There is currently a wide availability of data mining algorithms in big data, however, there are no specific metrics focused on tackling complexity and redundancy problems in large datasets. Thus, we propose to answer the following question: do classification algorithms need so much data?
To address this objective, we propose two metrics and the implementation of several state of the art metrics, adapting them to the big data problem. This repository is a open-source package that includes complexity metrics. This package includes two original proposals for studying the density and complexity of large datasets:
- ND: Neighborhood Density, this metric returns the percentual difference of the euclidean distance, calculated with all available data, and with half of the randomly chosen data.
- DTP: Decision Tree Progression, this metric returns the accuracy percentage difference by training a Decision Tree with the totality of the data, and discarding half of them randomly.
It also includes some state-of-the-art metrics [1], which have been designed and developed to run large datasets.
- F1: Maximum Fisher's discriminant ratio
- F2: Volume of overlapping region
- F3: Maximum individual feature efficiency
- F4: Collective feature efficiency
- C1: Entropy of class portions
- C2: Imbalance ratio
If you want to know more about the metrics and experiments carried out and the conclusions obtained, please consult and cite the following reference
J. Maillo, I. Triguero and F. Herrera, "Redundancy and Complexity Metrics for Big Data Classification: Towards Smart Data," in IEEE Access, vol. 8, pp. 87918-87928 (2020) doi: 10.1109/ACCESS.2020.2991800.
[1] Lorena, A. C., Garcia, L. P., Lehmann, J., Souto, M. C., & Ho, T. K. (2019). How Complex Is Your Classification Problem?: A Survey on Measuring Classification Complexity. ACM Computing Surveys (CSUR), 52(5), 107.
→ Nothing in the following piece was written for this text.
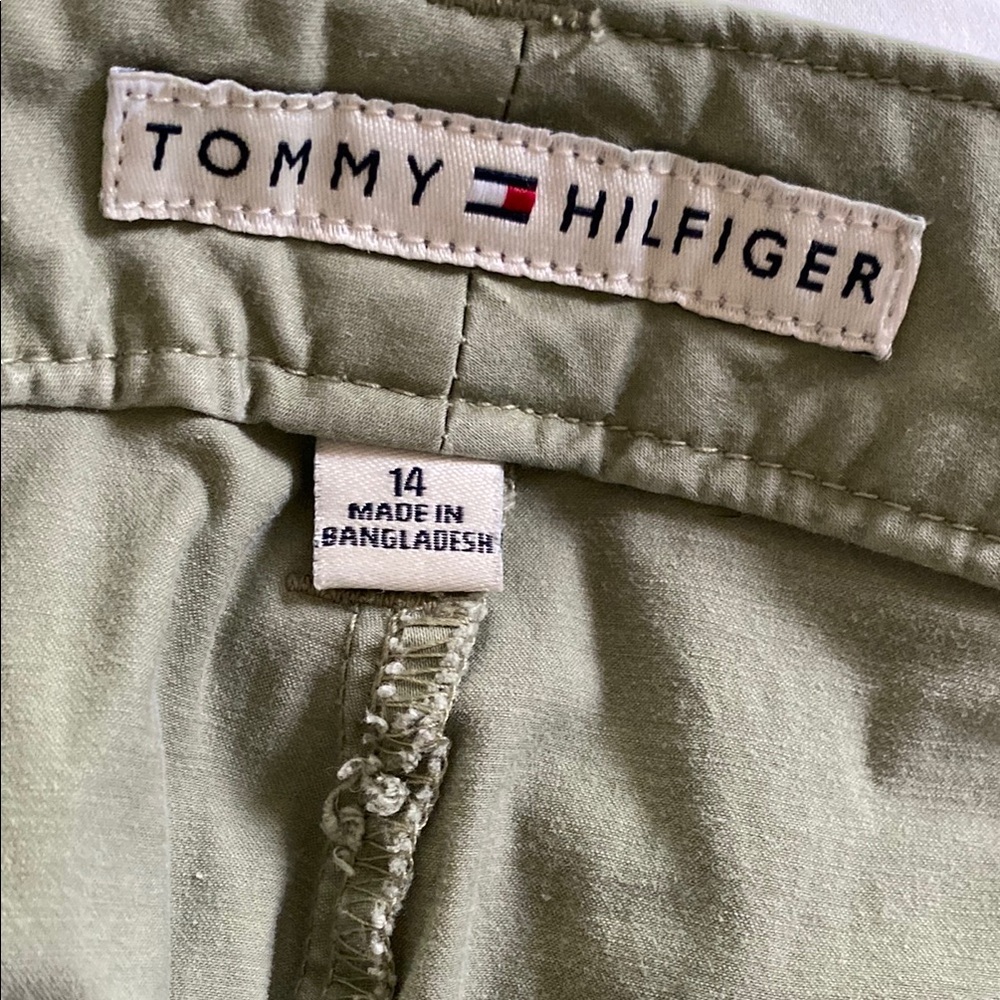Tommy Hilfiger Sage Green capris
The following software have to get installed:
- Scala. Version 2.11
- Spark. Version 2.3.2
- Maven. Version 3.5.2
- JVM. Java Virtual Machine. Version 1.8.0 because Scala run over it.
- Download source code: It is host on GitHub. To get the sources and compile them we will need the next git instruction.
git clone https://github.com/JMailloH/ComplexityMetrics.git
- Build jar file: Once we have the sources, we generate the .jar file of the project by the next maven instruction.
mvn package -Dmaven.test.skip=true.
Another alternative is download by spark-package at https://spark-packages.org/package/JMailloH/ComplexityMetrics
If you want to run the software and obtain the result of each one of the metrics, you can consult the example file: runMetrics.scala.
The run.sh file contains an example call for each algorithm. A generic sample of run could be:
spark-submit --master "URL" --class org.apache.spark.run.runMetrics ./target/ComplexityMetrics-1.0.jar "path-to-dataset" "path-to-output" "Metric" "number-of-maps"
--class org.apache.spark.run.runMetrics ./target/ComplexityMetrics-1.0.jar
Determine the jar file to be run."path-to-dataset"
Path from HDFS to dataset."path-to-output"
Path from HDFS to output."Metric"
ND, DTP or ClassicMetrics (to compute the rest of the metrics)."number-of-maps"
Number of map tasks.